Me asintió con la cabeza y ofreció su mano. La cogí. Ese gesto, tan sencillo, era una forma de coger fuerza.
-No sé si puedo explicarlo -dijo al fin-. Cuando empiezo, siento que me pierdo, me bloqueo, me aterra… pensarás que estoy loca.
-Entonces no hace falta empezar a explicarlo -respondí. Podemos ir despacio. Tú marcas hasta dónde, tú decides cuando es el momento y qué traes a sesión.
La lluvia seguía cayendo, los truenos aún aparecían de vez en cuando, como recordatorios. Cada uno le tensaba el cuerpo, pero ya no se derrumbaba. Se llevaba la mano libre al pecho, notando el latido, como comprobando que seguía allí.
-Era pequeña -dijo de pronto-. Y nadie venía.
No añadió nada más. No hizo falta. Dejé que ese silencio tuviera espacio, que no se llenara con explicaciones ni con prisa. A veces lo más terapéutico es no tapar el vacío.
-Me da rabia -confesó-. Qué rabia que algo así todavía pueda conmigo. Nunca he podido hablar de ello Jorge, nadie lo sabe, nadie. Todos estos años pensando que me olvidaría y mi mente borraría aquello, hasta que llega la lluvia, los truenos…
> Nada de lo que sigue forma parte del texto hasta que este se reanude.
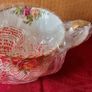 Brand New In Box And In Original Packaging Authentic First Quality 21 Piece Royal Albert Old Country Roses Bone China Gold Gilt Tea Set For 6 Person Setting Made In England Image 9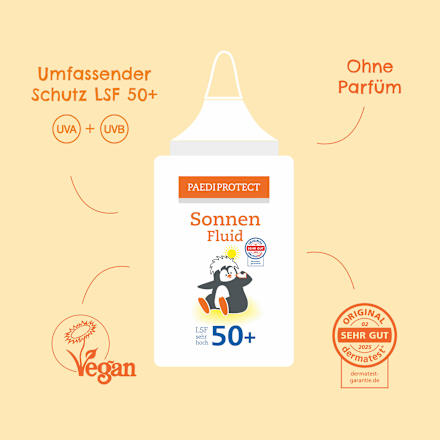 Sonnenfluid LSF 50+  PAEDIPROTECT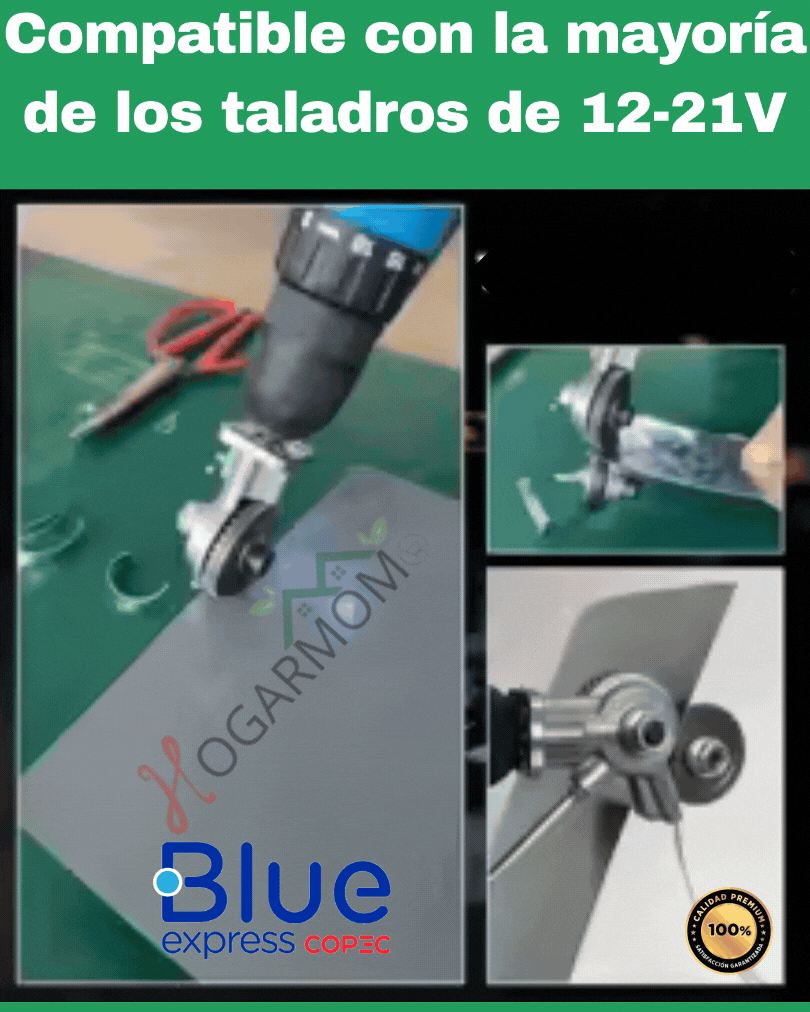 MetalCutter™   Adaptador Cortador De Lata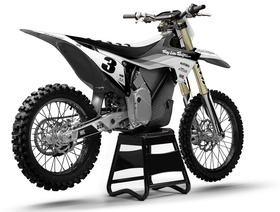 Kit deco MX Stickers - STARK FUTURE VARG - 3Lines Gris (4)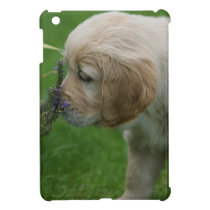 Golden Retriever Puppy Cover For The iPad Mini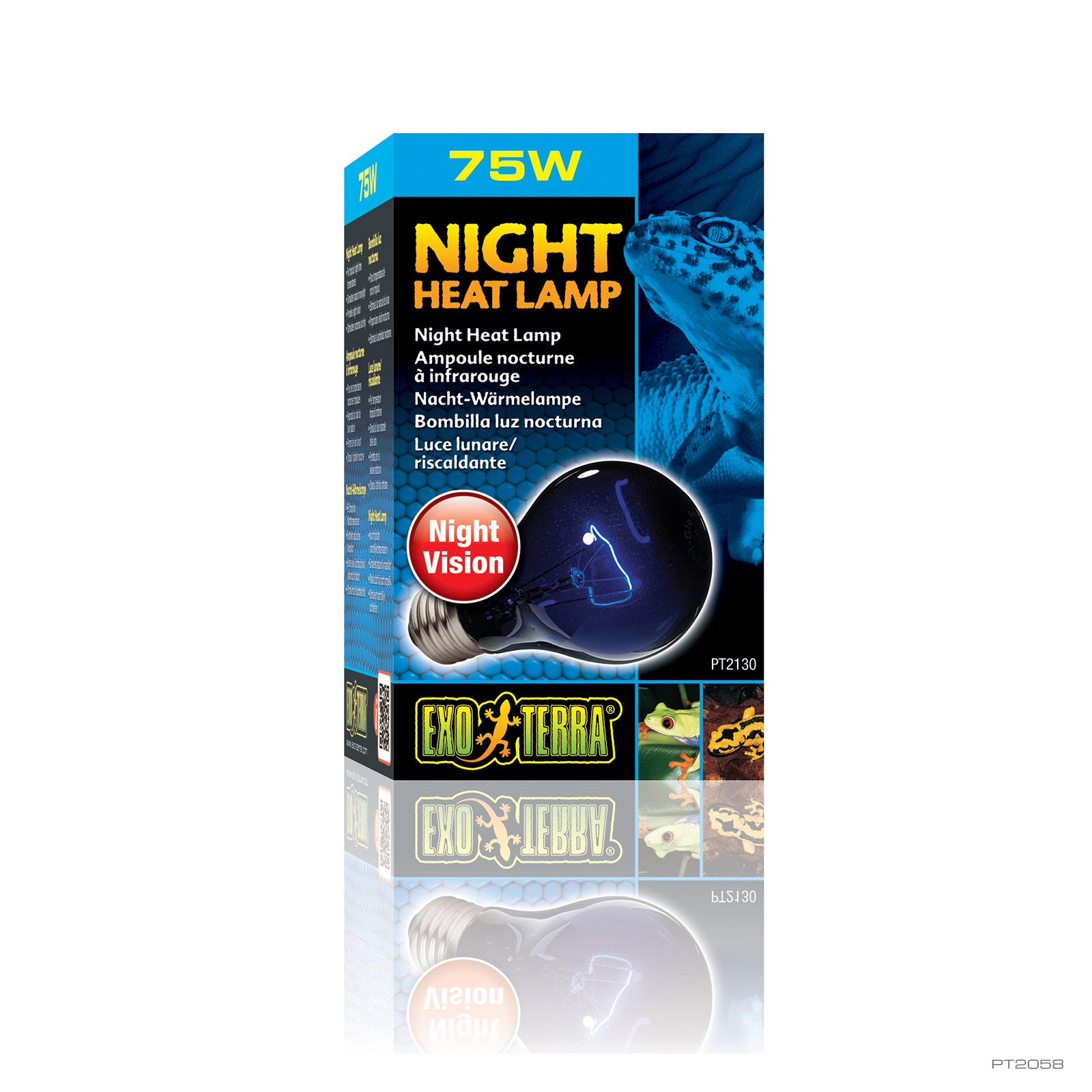 Night Heat Lamp 100W
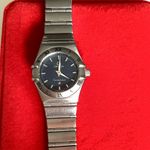 SUPER LOVELY authentic OMEGA CONSTELLATION watch for lady ❤️🌷❤️🌷❤️ Gray Photo 5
Apretó mi mano un segundo más y luego la soltó, no como un rechazo, sino como quien ya puede sostenerse un poco sola. Se incorporó con cuidado y volvió a sentarse en la butaca, sin que yo se lo pidiera. Ese movimiento fue suyo, y lo respeté.
-Creo que es la hora Jorge. No quiero hacer esperar a nadie -dijo.
– Quieres dejarlo aquí? Si lo deseas está bien, si quieres seguir podemos hacerlo.
– Gracias, hoy ha sido muy… intenso. Podemos comenzar la siguiente desde aquí?
– Claro, es tu proceso. Tú mandas.
Antes de irse, se detuvo en la puerta.
-Gracias por no sacarme de ahí -me dijo-. Por no decirme que me calmara.
Nos abrazamos al despedirnos.
Al cerrar la puerta pensé que en aquella sesión no habíamos “tratado” un miedo. Habíamos hecho algo más básico, permitir que existiera.
Dejarlo surgir, hacerlo visible y sobretodo reconocerlo sin desmentirlo.
Qué fácil habría sido hacer otra cosa, pedirle que se levantara, que respirara hondo, que “volviera al presente”. Cuántas veces, con buena intención, se empuja a alguien fuera de su miedo sin preguntarle si tiene a dónde ir.
Acompañarla ese día no fue una técnica brillante ni una intervención compleja. Fue sostener mi propia incomodidad. Confiar en que no hacer nada, no corregir, no apresurar, no explicar y aceptar que eso también es una forma de hacer. Una de las más difíciles.
Recordar ahora mientras llueve aquella sesión me recuerda que el trauma no es el recuerdo, sino la soledad en la que ocurrió. A veces, lo que sana no es entender lo que pasó, sino vivir algo distinto en el mismo lugar emocional donde antes no hubo nadie.
Como terapeuta, uno aprende a escuchar palabras, pero días como ese me recuerdan que también hay que escuchar el cuerpo, el silencio, la elección de sentarse en el suelo o de ofrecer una mano. Ahí también hay un lenguaje, y suele ser el más honesto. De eso sabe mucho mi buen amigo Marco Areddu, pensé en cómo lo habría gestionado él.
No sé qué hará la lluvia la próxima vez que venga a sesión. Sé que el miedo seguirá apareciendo, pero ahora existe una experiencia nueva a la que podrá volver: la de no ser cuestionada, la de no tener que demostrar que su miedo es legítimo.
Y para mí quedó otra certeza, sencilla y evidente: los psicólogos no siempre somos quienes quitan el dolor. A veces somos quienes se quedan. Y quedarse, cuando alguien tiembla, es mucho.